A copy of the GeoJSON file we use is stored in the same repository as this notebook.


The original file can be found on the following page:
https://opendata.paris.fr/explore/dataset/arrondissements/export/?disjunctive.c_ar&disjunctive.c_arinsee&disjunctive.l_ar&location=13,48.85156,2.32327

In [1]:
import json

geo = json.load(open("/arrondissements.geojson"))

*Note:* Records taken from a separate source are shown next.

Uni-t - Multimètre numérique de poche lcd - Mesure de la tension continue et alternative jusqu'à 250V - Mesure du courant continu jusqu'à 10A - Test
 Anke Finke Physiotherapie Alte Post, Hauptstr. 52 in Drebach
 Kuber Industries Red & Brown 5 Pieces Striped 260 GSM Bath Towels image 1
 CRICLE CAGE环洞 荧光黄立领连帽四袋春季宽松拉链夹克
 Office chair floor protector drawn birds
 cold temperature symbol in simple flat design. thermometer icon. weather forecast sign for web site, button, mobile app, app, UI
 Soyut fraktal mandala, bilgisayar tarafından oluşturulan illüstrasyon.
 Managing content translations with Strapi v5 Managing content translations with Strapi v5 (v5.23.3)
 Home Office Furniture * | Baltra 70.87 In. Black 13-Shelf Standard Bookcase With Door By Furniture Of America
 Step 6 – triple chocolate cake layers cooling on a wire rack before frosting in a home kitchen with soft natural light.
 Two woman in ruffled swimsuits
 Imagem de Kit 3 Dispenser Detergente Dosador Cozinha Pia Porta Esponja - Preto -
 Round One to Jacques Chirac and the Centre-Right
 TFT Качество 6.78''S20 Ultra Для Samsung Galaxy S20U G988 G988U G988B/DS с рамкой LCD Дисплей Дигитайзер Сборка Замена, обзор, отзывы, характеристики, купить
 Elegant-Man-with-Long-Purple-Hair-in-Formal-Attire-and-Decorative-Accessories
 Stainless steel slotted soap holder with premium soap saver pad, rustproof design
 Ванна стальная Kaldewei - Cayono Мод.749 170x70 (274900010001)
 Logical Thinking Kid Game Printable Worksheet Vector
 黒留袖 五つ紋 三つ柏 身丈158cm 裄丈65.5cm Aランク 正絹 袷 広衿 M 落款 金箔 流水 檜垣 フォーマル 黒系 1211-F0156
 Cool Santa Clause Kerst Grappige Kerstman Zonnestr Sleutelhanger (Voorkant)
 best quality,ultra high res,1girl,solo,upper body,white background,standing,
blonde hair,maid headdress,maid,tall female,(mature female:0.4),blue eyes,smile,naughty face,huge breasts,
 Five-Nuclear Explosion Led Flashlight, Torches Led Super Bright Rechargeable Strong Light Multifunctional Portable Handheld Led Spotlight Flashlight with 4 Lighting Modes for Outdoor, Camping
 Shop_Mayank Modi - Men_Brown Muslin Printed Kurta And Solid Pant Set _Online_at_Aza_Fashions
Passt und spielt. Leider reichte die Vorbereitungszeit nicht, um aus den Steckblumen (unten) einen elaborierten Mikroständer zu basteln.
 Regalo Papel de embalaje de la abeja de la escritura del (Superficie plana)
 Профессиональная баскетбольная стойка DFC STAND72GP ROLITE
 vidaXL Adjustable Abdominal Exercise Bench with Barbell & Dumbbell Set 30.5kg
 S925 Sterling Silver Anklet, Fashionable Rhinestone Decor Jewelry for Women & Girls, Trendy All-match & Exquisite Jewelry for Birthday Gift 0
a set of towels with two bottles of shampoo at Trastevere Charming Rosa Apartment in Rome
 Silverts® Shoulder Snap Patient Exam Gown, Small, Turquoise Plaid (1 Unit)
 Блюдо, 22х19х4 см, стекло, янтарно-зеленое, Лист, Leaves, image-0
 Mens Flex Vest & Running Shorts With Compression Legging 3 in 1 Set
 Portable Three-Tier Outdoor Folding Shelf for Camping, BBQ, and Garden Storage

From this dataset, we can actually easily plot the shape of each <i>arrondissement</i> (i.e. neighborhood)

In [2]:
import folium
paris_choropleth = folium.Map(location = [48.856578, 2.351828], zoom_start = 12)
paris_choropleth.choropleth(geo_data = geo,fill_opacity=0.3,fill_color='blue')
paris_choropleth

But in order to request data about parisian venues, we will need to get the coordinates of the center of each neighborhood:

In [3]:
import pandas as pd

paris_ardt = []
for arr in geo["features"]:
    prop = arr["properties"]
    paris_ardt.append([prop["l_ar"].split('è')[0].split('e')[0],prop["geom_x_y"][0],prop["geom_x_y"][1]])
paris_ardt_df= pd.DataFrame(paris_ardt,columns=['Ardt','Latitude','Longitude'])
paris_ardt_df['Ardt'] = paris_ardt_df['Ardt'].astype(int)
paris_ardt_df.sort_values('Ardt',inplace=True)
paris_ardt_df = paris_ardt_df.reset_index().drop('index',axis=1)
paris_ardt_df

Unnamed: 0,Ardt,Latitude,Longitude
0,1,48.862563,2.336443
1,2,48.868279,2.342803
2,3,48.862872,2.360001
3,4,48.854341,2.35763
4,5,48.844443,2.350715
5,6,48.84913,2.332898
6,7,48.856174,2.312188
7,8,48.872721,2.312554
8,9,48.877164,2.337458
9,10,48.87613,2.360728


Which we can add to the previous map...

In [4]:
for ardt, lat, lng in zip(paris_ardt_df['Ardt'], paris_ardt_df['Latitude'], paris_ardt_df['Longitude']):
    label = folium.Popup("Ardt n°"+ str(ardt), parse_html=True)
    folium.CircleMarker(
        [lat, lng],
        radius=2,
        popup=label,
        color='black',
        parse_html=False).add_to(paris_choropleth)

paris_choropleth



We can see however that the centers of the 12th and 16th neighborhood are quite off, as they account for large parks - so we will correct them as follows:


In [5]:
corrections = [
    [12, 48.841, 2.388],
    [16, 48.863, 2.276]
]

corrections_df = pd.DataFrame(corrections,columns=['Ardt','Latitude','Longitude'])
paris_ardt_df = paris_ardt_df.append(corrections_df).drop_duplicates('Ardt',keep='last').sort_values('Ardt',ignore_index=True)

In [6]:
paris_choropleth = folium.Map(location = [48.856578, 2.351828], zoom_start = 12)
paris_choropleth.choropleth(geo_data = geo,fill_opacity=0.3,fill_color='blue')
paris_choropleth

for ardt, lat, lng in zip(paris_ardt_df['Ardt'], paris_ardt_df['Latitude'], paris_ardt_df['Longitude']):
    label = folium.Popup("Ardt n°"+ str(ardt), parse_html=True)
    folium.CircleMarker(
        [lat, lng],
        radius=2,
        popup=label,
        color='black',
        parse_html=False).add_to(paris_choropleth)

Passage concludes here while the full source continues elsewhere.